Puisi : Puisi Soe Hok Gie
Ada yang tahu perihal Soe Hok Gie ?yap mungkin sebagian dari kita tidak ada yang tau bahkan saya sendiri tahu gres beberapa tahun yang lalu( pas lihat film nya) jadi Soe Hok Gie Sejujurnya yang menciptakan saya tertarik ialah puisi dari dia ini ,terasa gue banget lah jadi saya pikir perlu menyebarkan dengan siapa saja yang ingin dibagi siapa tahu bermanfaat.

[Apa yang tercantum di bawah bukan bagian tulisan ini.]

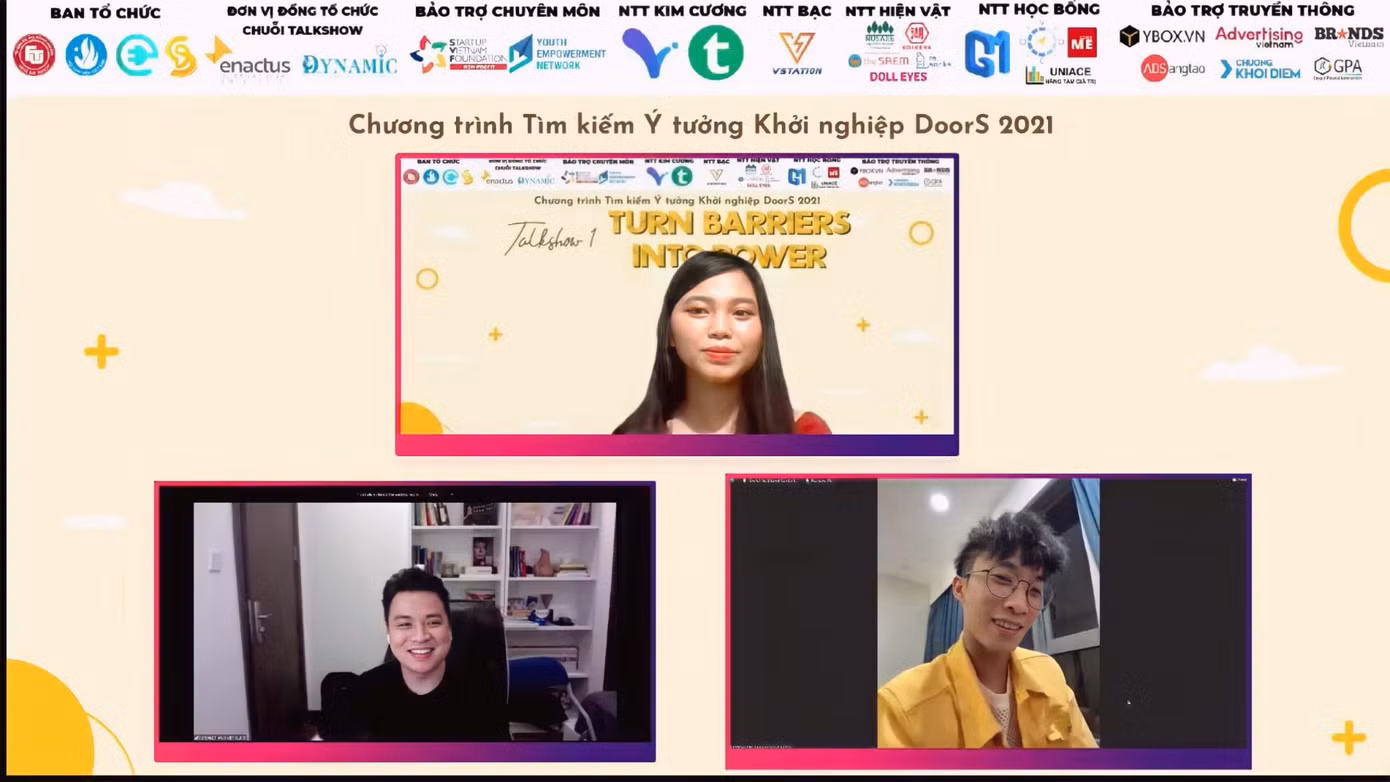 Hai diễn giả chia sẻ những kinh nghiệm khởi nghiệp với các bạn sinh viên trong suốt gần ba tiếng.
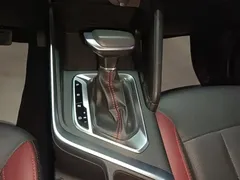2021 Geely Vision X3 1.5L CVT Premium — фото 14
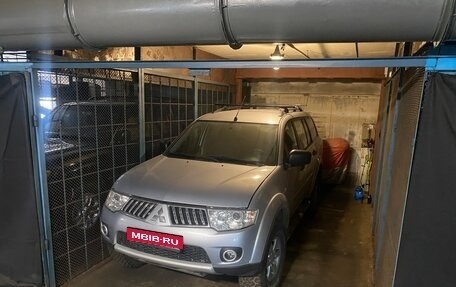 Mitsubishi Pajero Sport II рестайлинг, 2012 год, 2 500 000 рублей, 1 фотография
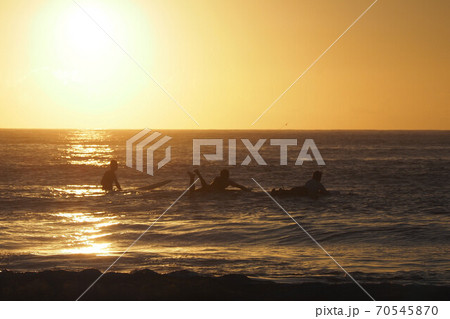 南房総　千倉海岸　夜明けの海　日の出　サーファー 70545870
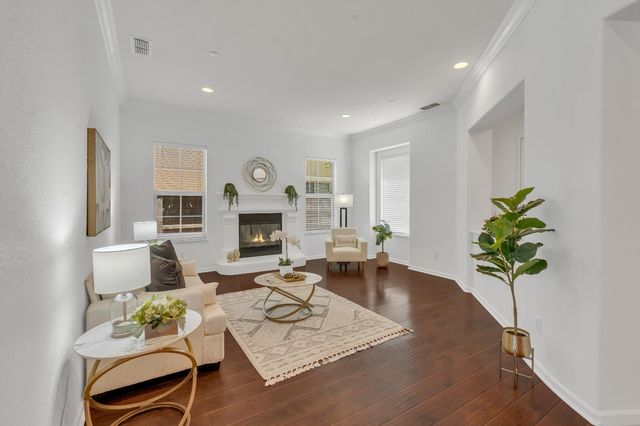 820 Wedge Wood Ct, West Sacramento, CA 95605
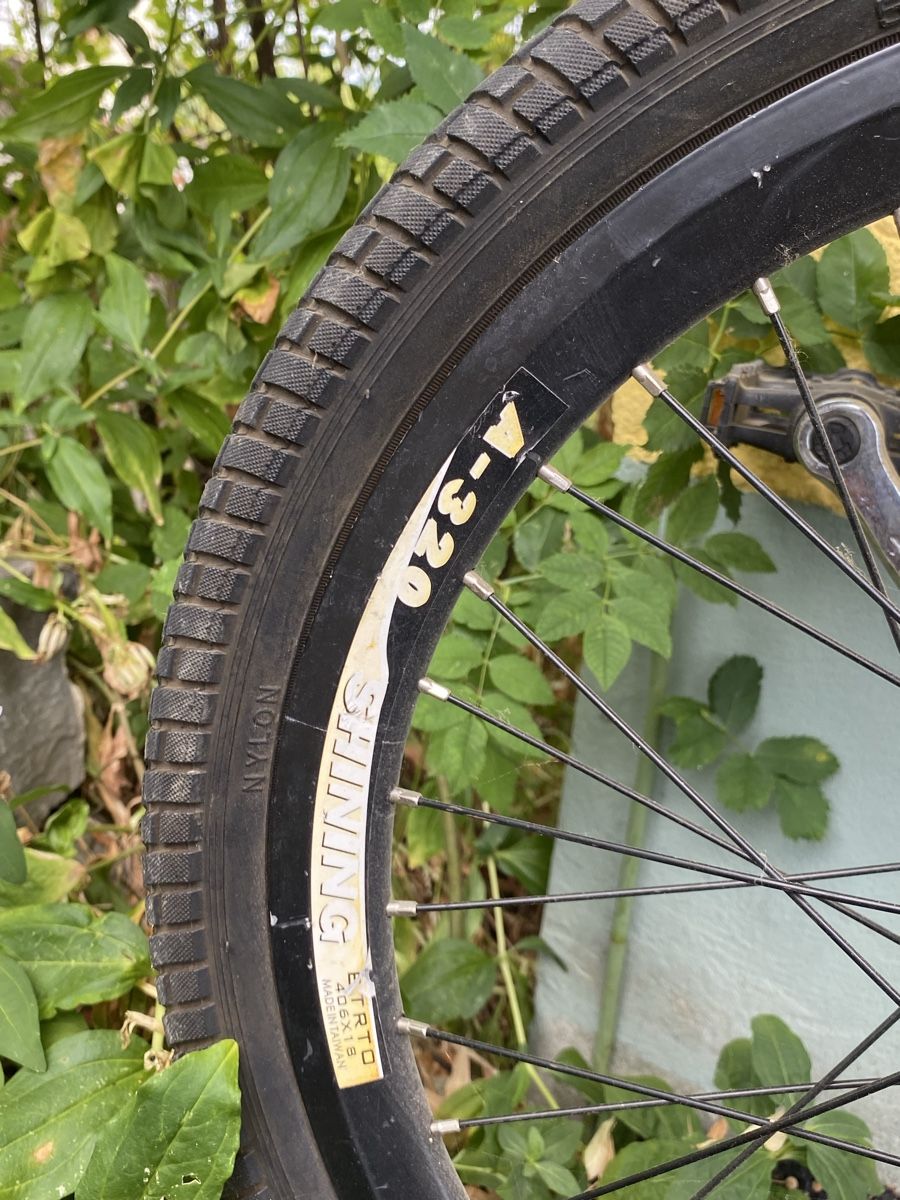 Velos: Einrad Shining A-320 guter Zustand – Gebraucht aus Bern von moiramoira 1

Oke berikut ini puisi puisi yang saya tahu . .,
Ada orang yang menghabiskan waktunya berziarah ke Mekkah
Ada orang yang menghabiskan waktunya berjudi di Wiraza.
Tapi saya ingin habiskan waktuku disisimu sayangku
Bicara perihal anjing-anjing kita yang badung dan lucu
Atau perihal bunga-bunga yang elok dilembah mandalawangi
Ada serdadu-serdadu Amerika yang mati kena bom didanau
Ada bayi-bayi yang mati lapar dibiavra
Tapi saya ingin mati disisimu manisku.
Setelah kita bosan hidup dan terus bertanya-tanya
Tentang tujuan hidup yang tak satu setanpun tahu
Mari sini sayangku kalian yang pernah mesra,
Yang pernah baik dan simpati kepadaku
Tegaklah kelangit luas atau awan yang mendung
Kita tak pernah menanamkan apa-apa
Kita tak akan pernah kehilangan apa-apa
Nasib terbaik ialah tidak pernah dilahirkan
Yang kedua dilahirkan tapi mati muda
Dan yang tersial ialah berumur tua
Berbahagialah mereka yang mati muda
Makhluk kecil kembalilah dari tiada ketiada
Berbahagialah dalam ketiadaaanmu
Ada orang yang menghabiskan waktunya berjudi di Wiraza.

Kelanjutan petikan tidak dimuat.